**EXERCISE:**
Copy the data exactly from the line that contains "12.5 Pre-order GSSO3001" through the line that contains "Cybex Pallas M-Fix", keeping both end lines and leaving out everything else.

**RECORDS TO PROCESS:**
········

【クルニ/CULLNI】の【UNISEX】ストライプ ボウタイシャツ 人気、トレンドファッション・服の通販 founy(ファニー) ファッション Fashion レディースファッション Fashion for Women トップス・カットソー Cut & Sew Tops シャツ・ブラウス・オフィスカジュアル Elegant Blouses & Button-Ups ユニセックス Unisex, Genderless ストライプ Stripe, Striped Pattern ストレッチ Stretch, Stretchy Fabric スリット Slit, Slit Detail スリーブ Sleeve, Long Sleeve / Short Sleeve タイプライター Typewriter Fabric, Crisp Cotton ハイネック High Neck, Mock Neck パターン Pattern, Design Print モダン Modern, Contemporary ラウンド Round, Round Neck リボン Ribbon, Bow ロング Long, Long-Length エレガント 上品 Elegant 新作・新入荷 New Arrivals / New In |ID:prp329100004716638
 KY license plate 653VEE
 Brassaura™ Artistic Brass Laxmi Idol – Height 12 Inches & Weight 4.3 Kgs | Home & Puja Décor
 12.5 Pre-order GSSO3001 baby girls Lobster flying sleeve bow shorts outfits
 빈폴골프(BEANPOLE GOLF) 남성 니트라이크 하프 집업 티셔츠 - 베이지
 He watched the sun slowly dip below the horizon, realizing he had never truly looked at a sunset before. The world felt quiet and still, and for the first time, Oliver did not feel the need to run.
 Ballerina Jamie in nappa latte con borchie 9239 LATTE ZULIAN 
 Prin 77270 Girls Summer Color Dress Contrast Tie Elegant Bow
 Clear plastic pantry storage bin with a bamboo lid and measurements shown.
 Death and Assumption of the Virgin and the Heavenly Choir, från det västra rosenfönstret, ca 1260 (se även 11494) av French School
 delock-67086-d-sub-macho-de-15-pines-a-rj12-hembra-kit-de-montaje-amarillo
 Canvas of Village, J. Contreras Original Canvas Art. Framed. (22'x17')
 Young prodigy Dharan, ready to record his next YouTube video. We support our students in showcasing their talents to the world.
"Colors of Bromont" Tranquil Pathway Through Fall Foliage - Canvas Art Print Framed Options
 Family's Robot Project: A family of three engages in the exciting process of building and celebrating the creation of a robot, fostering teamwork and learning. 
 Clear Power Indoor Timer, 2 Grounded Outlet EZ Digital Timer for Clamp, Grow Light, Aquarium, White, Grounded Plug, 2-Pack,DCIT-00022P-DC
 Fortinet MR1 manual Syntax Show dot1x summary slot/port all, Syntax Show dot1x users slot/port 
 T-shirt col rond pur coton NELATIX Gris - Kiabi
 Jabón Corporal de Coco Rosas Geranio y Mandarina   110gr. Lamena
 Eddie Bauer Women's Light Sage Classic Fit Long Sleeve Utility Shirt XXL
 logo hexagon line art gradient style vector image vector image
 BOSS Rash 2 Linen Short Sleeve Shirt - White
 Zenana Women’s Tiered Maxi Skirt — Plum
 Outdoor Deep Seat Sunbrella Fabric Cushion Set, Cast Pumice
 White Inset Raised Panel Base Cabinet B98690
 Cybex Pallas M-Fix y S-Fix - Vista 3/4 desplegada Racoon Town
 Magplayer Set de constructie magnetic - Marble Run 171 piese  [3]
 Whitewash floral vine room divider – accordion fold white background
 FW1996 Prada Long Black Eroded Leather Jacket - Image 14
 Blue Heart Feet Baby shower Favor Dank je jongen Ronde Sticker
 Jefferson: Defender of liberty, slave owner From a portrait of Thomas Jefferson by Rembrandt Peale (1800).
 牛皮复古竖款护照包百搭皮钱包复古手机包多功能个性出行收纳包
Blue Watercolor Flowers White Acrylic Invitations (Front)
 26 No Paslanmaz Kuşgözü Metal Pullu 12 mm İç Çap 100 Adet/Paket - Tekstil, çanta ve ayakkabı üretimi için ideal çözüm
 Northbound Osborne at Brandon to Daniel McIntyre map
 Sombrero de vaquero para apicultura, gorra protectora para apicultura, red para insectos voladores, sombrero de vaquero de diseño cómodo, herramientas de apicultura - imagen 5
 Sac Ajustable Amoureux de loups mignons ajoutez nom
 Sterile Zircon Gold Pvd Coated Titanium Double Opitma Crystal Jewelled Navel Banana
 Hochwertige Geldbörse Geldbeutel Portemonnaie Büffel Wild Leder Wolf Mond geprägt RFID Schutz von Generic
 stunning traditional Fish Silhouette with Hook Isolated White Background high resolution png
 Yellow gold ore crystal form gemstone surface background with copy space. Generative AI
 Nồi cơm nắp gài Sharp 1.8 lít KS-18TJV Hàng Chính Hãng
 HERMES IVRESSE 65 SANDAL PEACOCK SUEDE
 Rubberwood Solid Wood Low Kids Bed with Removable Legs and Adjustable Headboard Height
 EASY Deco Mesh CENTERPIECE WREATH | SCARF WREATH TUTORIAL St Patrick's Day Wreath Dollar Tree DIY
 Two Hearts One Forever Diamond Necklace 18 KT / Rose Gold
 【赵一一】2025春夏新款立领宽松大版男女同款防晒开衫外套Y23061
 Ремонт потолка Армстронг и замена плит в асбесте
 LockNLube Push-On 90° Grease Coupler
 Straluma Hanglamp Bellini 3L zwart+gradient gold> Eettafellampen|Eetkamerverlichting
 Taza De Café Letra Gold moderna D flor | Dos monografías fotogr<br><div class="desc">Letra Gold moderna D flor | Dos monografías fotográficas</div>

········

**ANSWER TO THIS TASK:**
 12.5 Pre-order GSSO3001 baby girls Lobster flying sleeve bow shorts outfits
 빈폴골프(BEANPOLE GOLF) 남성 니트라이크 하프 집업 티셔츠 - 베이지
 He watched the sun slowly dip below the horizon, realizing he had never truly looked at a sunset before. The world felt quiet and still, and for the first time, Oliver did not feel the need to run.
 Ballerina Jamie in nappa latte con borchie 9239 LATTE ZULIAN 
 Prin 77270 Girls Summer Color Dress Contrast Tie Elegant Bow
 Clear plastic pantry storage bin with a bamboo lid and measurements shown.
 Death and Assumption of the Virgin and the Heavenly Choir, från det västra rosenfönstret, ca 1260 (se även 11494) av French School
 delock-67086-d-sub-macho-de-15-pines-a-rj12-hembra-kit-de-montaje-amarillo
 Canvas of Village, J. Contreras Original Canvas Art. Framed. (22'x17')
 Young prodigy Dharan, ready to record his next YouTube video. We support our students in showcasing their talents to the world.
"Colors of Bromont" Tranquil Pathway Through Fall Foliage - Canvas Art Print Framed Options
 Family's Robot Project: A family of three engages in the exciting process of building and celebrating the creation of a robot, fostering teamwork and learning. 
 Clear Power Indoor Timer, 2 Grounded Outlet EZ Digital Timer for Clamp, Grow Light, Aquarium, White, Grounded Plug, 2-Pack,DCIT-00022P-DC
 Fortinet MR1 manual Syntax Show dot1x summary slot/port all, Syntax Show dot1x users slot/port 
 T-shirt col rond pur coton NELATIX Gris - Kiabi
 Jabón Corporal de Coco Rosas Geranio y Mandarina   110gr. Lamena
 Eddie Bauer Women's Light Sage Classic Fit Long Sleeve Utility Shirt XXL
 logo hexagon line art gradient style vector image vector image
 BOSS Rash 2 Linen Short Sleeve Shirt - White
 Zenana Women’s Tiered Maxi Skirt — Plum
 Outdoor Deep Seat Sunbrella Fabric Cushion Set, Cast Pumice
 White Inset Raised Panel Base Cabinet B98690
 Cybex Pallas M-Fix y S-Fix - Vista 3/4 desplegada Racoon Town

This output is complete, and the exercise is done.